Хлопнули в той стороне разрывы. Пулемет еще цокотнул и затих.
— Окружили, — вздохнул побуревший от пыли новичок.
— Учителя и Гаркушу голыми руками не возьмешь! — отозвался Наумов.
— Патронов у них — слезы… Окружение в окружении… — тянул лазаря неумытый упрямец. Он топал налегке, с одной винтовкой. Выкладку он потерял.

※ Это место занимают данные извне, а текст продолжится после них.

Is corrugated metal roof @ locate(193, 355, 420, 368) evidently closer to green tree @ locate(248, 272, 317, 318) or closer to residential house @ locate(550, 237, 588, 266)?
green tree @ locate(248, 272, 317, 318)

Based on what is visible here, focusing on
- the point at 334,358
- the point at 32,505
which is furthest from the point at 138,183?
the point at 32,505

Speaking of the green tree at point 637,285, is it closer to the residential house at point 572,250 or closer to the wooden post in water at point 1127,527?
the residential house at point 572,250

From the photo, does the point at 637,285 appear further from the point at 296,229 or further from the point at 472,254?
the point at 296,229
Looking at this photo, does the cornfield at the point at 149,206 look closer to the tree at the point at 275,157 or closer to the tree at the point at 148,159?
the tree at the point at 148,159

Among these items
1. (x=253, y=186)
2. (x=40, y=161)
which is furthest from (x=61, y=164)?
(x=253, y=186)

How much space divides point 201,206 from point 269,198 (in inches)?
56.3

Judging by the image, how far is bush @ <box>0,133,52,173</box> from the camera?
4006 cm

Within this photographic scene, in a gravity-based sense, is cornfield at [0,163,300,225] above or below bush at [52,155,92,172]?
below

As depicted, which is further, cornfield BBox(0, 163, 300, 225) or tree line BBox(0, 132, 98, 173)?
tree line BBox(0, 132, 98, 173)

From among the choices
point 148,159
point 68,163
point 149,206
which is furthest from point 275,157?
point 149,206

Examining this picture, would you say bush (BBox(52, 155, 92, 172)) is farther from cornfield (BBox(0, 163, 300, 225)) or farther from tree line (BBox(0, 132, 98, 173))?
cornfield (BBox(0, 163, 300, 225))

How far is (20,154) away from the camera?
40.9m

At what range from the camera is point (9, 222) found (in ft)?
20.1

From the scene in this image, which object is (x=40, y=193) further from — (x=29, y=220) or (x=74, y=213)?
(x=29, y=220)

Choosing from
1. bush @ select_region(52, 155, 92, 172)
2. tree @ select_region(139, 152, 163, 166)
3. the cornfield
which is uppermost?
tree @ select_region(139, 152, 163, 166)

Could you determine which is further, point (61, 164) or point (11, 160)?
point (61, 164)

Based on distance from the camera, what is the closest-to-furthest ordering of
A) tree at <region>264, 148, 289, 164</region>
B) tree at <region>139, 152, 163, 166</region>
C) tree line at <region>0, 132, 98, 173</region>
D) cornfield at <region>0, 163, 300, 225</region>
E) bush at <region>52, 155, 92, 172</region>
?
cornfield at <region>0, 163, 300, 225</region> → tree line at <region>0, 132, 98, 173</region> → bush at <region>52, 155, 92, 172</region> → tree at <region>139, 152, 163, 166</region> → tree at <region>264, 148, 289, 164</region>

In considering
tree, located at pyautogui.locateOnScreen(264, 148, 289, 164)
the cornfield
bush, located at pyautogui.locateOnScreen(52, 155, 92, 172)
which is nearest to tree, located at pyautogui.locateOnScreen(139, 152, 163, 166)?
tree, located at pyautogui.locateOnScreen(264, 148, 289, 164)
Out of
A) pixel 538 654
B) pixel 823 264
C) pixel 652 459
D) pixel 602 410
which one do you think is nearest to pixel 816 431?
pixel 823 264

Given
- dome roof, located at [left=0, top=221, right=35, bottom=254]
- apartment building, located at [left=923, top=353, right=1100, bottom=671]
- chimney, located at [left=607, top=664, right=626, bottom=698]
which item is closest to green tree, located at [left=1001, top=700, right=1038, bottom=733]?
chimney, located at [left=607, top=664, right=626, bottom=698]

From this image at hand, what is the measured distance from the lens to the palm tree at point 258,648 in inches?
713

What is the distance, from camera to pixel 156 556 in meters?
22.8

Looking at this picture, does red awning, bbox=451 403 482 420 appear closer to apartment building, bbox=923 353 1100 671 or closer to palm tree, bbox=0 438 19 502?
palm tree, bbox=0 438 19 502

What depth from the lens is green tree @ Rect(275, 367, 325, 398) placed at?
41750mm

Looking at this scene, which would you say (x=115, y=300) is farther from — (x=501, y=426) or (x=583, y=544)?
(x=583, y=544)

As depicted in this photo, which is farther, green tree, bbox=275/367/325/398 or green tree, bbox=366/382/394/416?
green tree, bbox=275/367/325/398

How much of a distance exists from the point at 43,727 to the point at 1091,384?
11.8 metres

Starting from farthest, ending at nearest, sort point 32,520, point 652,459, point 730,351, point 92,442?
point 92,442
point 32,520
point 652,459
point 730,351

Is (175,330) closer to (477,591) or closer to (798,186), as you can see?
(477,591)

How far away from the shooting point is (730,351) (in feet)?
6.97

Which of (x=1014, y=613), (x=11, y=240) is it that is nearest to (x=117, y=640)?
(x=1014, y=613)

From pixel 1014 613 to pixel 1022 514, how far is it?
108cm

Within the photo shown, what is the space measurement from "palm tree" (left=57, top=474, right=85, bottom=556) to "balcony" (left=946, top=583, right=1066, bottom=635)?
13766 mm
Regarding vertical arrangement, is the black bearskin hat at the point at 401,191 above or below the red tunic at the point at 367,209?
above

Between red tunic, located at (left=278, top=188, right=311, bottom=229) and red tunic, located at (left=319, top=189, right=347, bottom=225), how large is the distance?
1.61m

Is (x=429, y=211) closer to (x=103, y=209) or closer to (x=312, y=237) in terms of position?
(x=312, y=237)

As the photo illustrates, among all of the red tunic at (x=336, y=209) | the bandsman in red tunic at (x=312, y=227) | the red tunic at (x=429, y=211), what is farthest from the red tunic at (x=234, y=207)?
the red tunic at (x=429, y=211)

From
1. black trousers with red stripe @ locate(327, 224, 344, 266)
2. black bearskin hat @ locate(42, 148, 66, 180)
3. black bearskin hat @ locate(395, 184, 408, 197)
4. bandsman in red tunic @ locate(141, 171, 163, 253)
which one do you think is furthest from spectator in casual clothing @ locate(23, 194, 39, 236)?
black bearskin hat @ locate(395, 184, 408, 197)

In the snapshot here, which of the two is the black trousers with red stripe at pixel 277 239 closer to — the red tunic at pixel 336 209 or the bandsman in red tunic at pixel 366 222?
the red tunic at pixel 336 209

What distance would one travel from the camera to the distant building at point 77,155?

Новичок глядел под ноги и отмахивал овода. Наумов снова обернулся к нему:
— В лесу ты родился?
— В поле.
— Оно заметно! — И, видя, что мужичка этого не сразу проймешь, Наумов зашел с другой стороны: — Тебя в детстве стегали?
— Ну…
— Мало. Про Антанту слышал? Совсюду жали! А что вышло? И нынче — выкусит! И ты, брат, не очень паникуй…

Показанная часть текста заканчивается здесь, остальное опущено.